DATASET CONTENT.

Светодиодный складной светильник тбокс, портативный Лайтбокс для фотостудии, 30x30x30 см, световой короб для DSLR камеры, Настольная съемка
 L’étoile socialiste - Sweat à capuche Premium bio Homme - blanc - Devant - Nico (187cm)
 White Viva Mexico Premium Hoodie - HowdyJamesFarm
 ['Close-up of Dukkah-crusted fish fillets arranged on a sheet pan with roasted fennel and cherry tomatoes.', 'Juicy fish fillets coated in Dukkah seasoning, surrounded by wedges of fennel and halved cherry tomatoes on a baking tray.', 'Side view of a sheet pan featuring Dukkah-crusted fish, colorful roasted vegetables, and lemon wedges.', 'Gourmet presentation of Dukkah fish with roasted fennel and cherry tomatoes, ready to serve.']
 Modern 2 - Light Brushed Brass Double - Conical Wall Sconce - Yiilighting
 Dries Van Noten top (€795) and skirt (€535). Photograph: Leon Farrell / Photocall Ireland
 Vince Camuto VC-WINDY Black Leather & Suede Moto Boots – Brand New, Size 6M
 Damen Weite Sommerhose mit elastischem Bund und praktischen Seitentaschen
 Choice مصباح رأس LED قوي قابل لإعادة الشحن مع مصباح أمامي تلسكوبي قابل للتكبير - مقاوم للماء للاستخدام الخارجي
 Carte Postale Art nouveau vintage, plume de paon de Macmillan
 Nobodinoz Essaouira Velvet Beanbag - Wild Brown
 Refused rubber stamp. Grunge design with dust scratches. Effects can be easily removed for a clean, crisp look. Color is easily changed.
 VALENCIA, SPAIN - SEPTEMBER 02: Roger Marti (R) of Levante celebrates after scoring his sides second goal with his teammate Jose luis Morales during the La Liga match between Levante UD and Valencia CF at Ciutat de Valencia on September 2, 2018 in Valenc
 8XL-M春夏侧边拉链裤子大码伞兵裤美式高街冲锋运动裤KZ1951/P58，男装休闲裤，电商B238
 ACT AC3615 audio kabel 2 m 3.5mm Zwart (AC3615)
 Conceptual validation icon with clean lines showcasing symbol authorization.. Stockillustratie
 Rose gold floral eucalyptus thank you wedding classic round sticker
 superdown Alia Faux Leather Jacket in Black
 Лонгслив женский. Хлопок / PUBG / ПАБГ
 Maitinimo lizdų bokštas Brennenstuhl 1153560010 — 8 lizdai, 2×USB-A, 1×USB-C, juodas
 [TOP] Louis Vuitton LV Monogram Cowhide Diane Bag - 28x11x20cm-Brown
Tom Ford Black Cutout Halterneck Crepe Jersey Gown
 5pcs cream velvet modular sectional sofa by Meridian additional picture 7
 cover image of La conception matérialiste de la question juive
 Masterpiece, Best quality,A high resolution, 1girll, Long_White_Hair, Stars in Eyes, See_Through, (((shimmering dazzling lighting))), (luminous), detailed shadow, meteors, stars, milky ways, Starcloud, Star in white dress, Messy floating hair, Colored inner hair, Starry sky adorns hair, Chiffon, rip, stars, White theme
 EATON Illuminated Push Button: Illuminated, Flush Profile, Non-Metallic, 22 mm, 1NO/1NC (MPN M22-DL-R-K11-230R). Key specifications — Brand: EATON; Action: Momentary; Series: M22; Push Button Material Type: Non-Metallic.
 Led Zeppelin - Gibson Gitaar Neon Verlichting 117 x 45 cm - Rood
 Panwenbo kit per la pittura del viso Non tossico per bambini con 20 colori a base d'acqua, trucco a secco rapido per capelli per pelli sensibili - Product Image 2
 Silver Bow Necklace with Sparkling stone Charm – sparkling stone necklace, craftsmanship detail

WHAT THIS TASK INVOLVES.
In the material above, find the line containing "['Close-up of Dukkah-crusted" and the line containing "Dries Van Noten", then write out exactly those two lines and every line between them, and nothing more.

RESULT OF THE TASK.
 ['Close-up of Dukkah-crusted fish fillets arranged on a sheet pan with roasted fennel and cherry tomatoes.', 'Juicy fish fillets coated in Dukkah seasoning, surrounded by wedges of fennel and halved cherry tomatoes on a baking tray.', 'Side view of a sheet pan featuring Dukkah-crusted fish, colorful roasted vegetables, and lemon wedges.', 'Gourmet presentation of Dukkah fish with roasted fennel and cherry tomatoes, ready to serve.']
 Modern 2 - Light Brushed Brass Double - Conical Wall Sconce - Yiilighting
 Dries Van Noten top (€795) and skirt (€535). Photograph: Leon Farrell / Photocall Ireland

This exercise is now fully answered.